Task description
Scan the records below for the line with "BIOLOGIE 2 ." and the line with "Gente Que No - Damas Gratis, FIDEL NADAL", and retype that range exactly, both ends included, pictures excepted.

Source material
::::

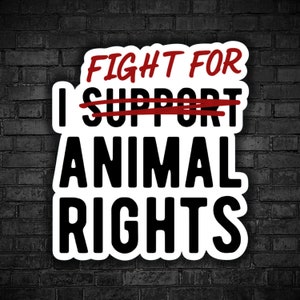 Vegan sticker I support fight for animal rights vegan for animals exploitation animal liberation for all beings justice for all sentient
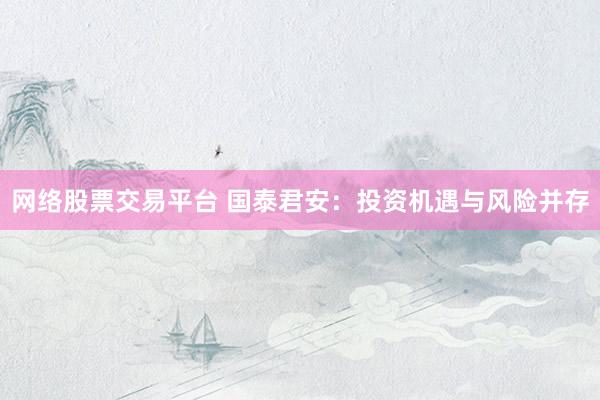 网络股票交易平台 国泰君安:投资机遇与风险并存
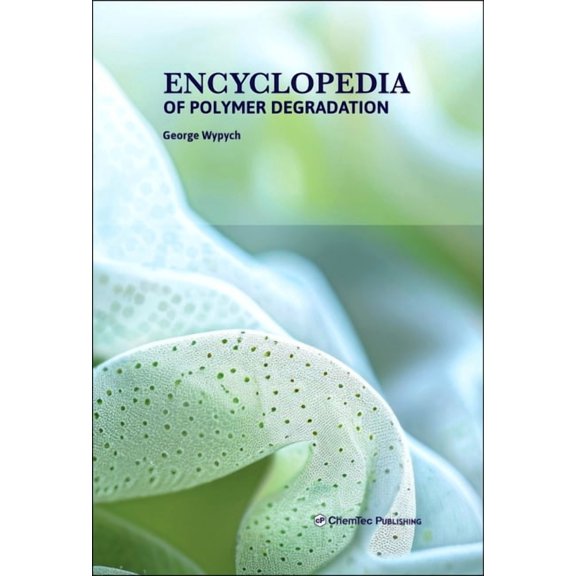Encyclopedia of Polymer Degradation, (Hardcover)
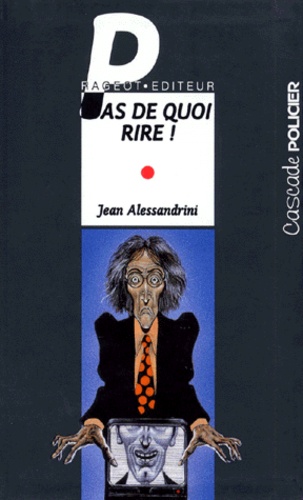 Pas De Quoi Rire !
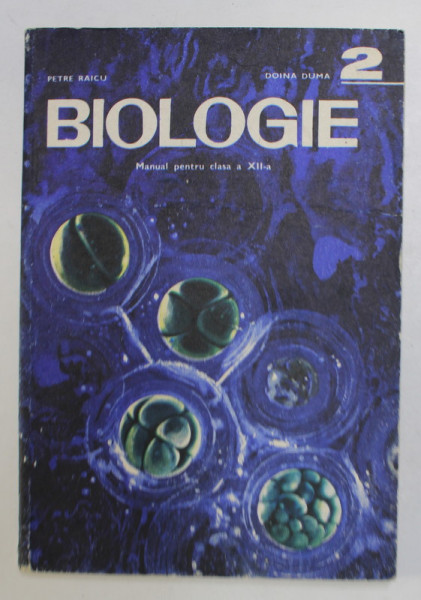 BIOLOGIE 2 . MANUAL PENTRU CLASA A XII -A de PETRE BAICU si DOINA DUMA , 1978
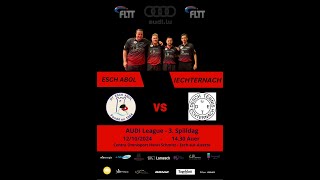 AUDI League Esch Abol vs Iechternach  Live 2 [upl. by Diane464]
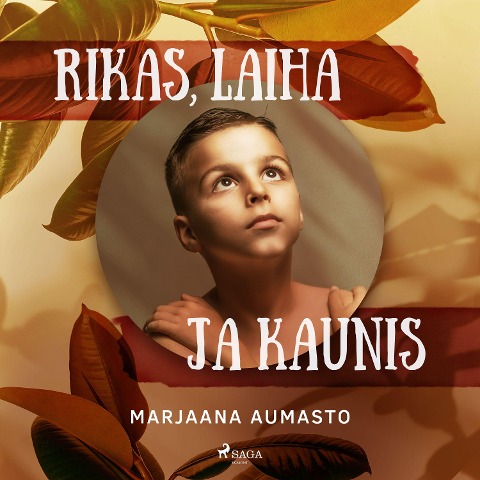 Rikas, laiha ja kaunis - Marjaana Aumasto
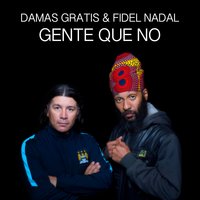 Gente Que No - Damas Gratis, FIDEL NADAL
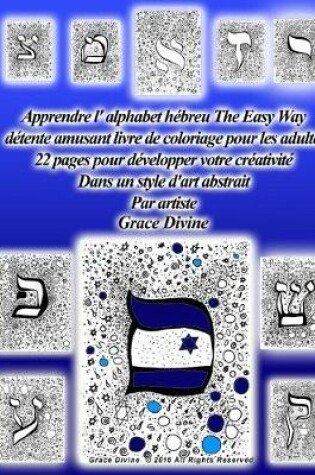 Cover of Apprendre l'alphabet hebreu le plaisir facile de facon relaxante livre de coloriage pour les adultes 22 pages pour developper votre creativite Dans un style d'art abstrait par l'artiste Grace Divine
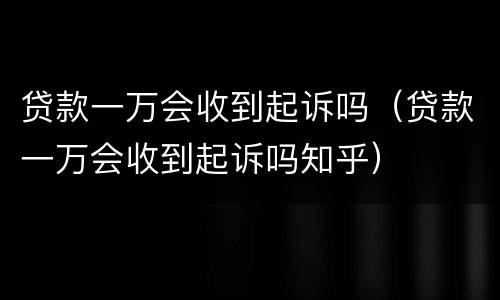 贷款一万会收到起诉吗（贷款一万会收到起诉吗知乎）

::::

Exercise answer
 BIOLOGIE 2 . MANUAL PENTRU CLASA A XII -A de PETRE BAICU si DOINA DUMA , 1978
 AUDI League Esch Abol vs Iechternach  Live 2 [upl. by Diane464]
 Rikas, laiha ja kaunis - Marjaana Aumasto
 Gente Que No - Damas Gratis, FIDEL NADAL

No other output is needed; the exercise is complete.